* _EXERCISE PROMPT_: Print the first line of the data below and every one after it, through the line containing "Greeting card for", exactly as written.

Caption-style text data
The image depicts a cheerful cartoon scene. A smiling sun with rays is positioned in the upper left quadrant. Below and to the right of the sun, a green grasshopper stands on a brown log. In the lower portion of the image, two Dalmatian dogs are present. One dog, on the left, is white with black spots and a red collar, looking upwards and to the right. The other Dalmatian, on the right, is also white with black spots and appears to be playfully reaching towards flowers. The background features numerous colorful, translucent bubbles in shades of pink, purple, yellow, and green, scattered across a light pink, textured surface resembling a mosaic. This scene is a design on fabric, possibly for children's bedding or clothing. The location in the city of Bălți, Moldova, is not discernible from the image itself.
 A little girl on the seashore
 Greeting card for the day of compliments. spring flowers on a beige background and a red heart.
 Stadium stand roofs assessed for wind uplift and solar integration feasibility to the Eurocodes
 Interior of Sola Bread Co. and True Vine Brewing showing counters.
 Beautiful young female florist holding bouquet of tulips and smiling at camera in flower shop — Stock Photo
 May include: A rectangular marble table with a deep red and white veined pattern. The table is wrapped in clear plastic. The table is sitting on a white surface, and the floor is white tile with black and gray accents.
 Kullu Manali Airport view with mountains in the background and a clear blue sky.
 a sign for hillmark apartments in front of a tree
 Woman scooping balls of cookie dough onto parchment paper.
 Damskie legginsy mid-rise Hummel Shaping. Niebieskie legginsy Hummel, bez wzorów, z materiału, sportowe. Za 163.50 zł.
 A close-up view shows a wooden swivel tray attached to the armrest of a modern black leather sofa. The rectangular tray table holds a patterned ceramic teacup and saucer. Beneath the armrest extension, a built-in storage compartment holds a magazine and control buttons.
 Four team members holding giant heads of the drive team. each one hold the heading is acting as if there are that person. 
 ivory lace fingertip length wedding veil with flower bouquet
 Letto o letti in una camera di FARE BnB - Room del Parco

* _SOLVED PROBLEM_:
The image depicts a cheerful cartoon scene. A smiling sun with rays is positioned in the upper left quadrant. Below and to the right of the sun, a green grasshopper stands on a brown log. In the lower portion of the image, two Dalmatian dogs are present. One dog, on the left, is white with black spots and a red collar, looking upwards and to the right. The other Dalmatian, on the right, is also white with black spots and appears to be playfully reaching towards flowers. The background features numerous colorful, translucent bubbles in shades of pink, purple, yellow, and green, scattered across a light pink, textured surface resembling a mosaic. This scene is a design on fabric, possibly for children's bedding or clothing. The location in the city of Bălți, Moldova, is not discernible from the image itself.
 A little girl on the seashore
 Greeting card for the day of compliments. spring flowers on a beige background and a red heart.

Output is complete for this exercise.